Recent advances extend MemoryOS from the field of system software/hardware into the field of AI agent architectures, motivated by the limitations of fixed context windows and purely parametric knowledge.

  • Hierarchical Memory Structures: MemoryOS, as implemented for AI agents, segments memory into short-term (STM: real-time dialogue, chain-linked), mid-term (MTM: topic-segmented, similarity-grouped, heat-scored), and long-term (LPM: persistent user/agent traits) stores. Updates employ FIFO (STM→MTM) and “heat”-scored promotion (MTM→LPM), supporting dynamic persona construction and personalized, coherent dialogue over thousands of conversational turns (Kang et al., 30 May 2025).
  • Experimental Validation: On the LoCoMo benchmark, this MemoryOS shows average F1 improvements of 49.11% and BLEU-1 improvements of 46.18% over GPT-4o-mini-based baselines in long conversation retention, with reduced LLM calls and token consumption.
  • Governance and Scheduling: AI-centric MemoryOS architectures embed explicit lifecycle management, permitting creation, consolidation, migration, and selective forgetting of memory units. This bridges stateless retrieval augmentation (RAG) and persistent, evolving knowledge bases (Li et al., 4 Jul 2025, Li et al., 28 May 2025).

5. Continual Learning and Non-Parametric Memory Integration

MemoryOS is pivotal for continual learning, enabling models to adapt to evolving knowledge without catastrophic forgetting or costly parameter retraining:

  • Non-Parametric Continual Memory: MemoryOS for LLMs deploys external, continually updated non-parametric memory, queried during generation. Updates occur in the memory store, not the model parameters, allowing for stable-plasticity trade-off mitigation (Li et al., 4 Jul 2025, Li et al., 28 May 2025).
  • Bridging Retrieval and Learning: This non-parametric memory is lifecycle- and provenance-managed, facilitating updatable and consistent knowledge integration across multiple timescales and agents. A plausible implication is the emergence of persistent, multi-agent coordination and cross-modal learning systems based on MemoryOS.

6. Impact, Applications, and Future Directions

MemoryOS systems are foundational for diverse application domains:

  • High-Performance/Portable Systems: By unifying DRAM, NVM, and storage-class memory, MemoryOS enables efficient database management, analytics, transaction processing, and HPC—achieving DRAM-like performance with superior energy and endurance profiles (Zhang et al., 2021, Wen et al., 2020).
  • Long-Term and Personalized AI Agents: Hierarchically managed memory with explicit updating policies enables AI agents to maintain continuity, adapt to evolving user states, and deliver consistent, personalized experiences across sessions (Kang et al., 30 May 2025).
  • Research Trajectory: Future MemoryOS research is geared towards NVMM-aware allocation policies, explicit tier-aware OS policies, AI agent memory governance, and dynamic adaption to workload/interference patterns. The explicit separation of parametric and non-parametric memories, with structured lifecycle control, is likely to accelerate robust, scalable continual learning and cross-platform coordination in future intelligent systems (Garg et al., 2023, Li et al., 4 Jul 2025).

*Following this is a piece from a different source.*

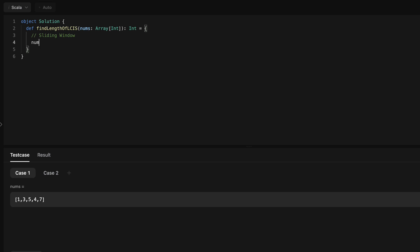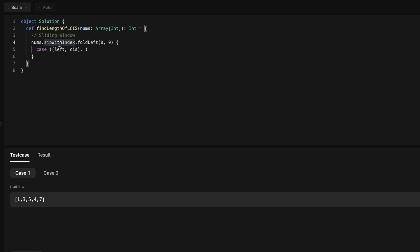As per the template, we will use nums dot zipWithIndex dot foldLeft, keeping our left pointer starting at zero index. We also track the longest continuous increasing subsequence found so far, initialized to zero. We pattern-match on the left pointer at index zero and the current number with its index. The zipWithIndex zips every number with its index, giving us a tuple of the number and the right index, which increments with each iteration.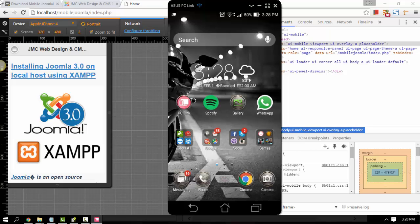This is the software I'm talking about — you can remote your phone using this application. It's really a phone, but it's just replicating or viewing the screen from your computer.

7. Summary and Significance

MemoryOS represents a paradigm shift from opaque, homogeneous memory management to explicit, programmable, and lifecycle-governed memory substrate design. From enabling efficient DRAM/NVM/flash hardware integration to supporting long-term, structured memory in AI agents, MemoryOS approaches bridge the gap between hardware capabilities, OS resource management, and evolving requirements of modern AI/LLM workloads. The integration of hierarchical storage, fine-grained tracking, provenance-managed memory units, and cross-modal updating lays the groundwork for the next generation of adaptive and efficient computing systems.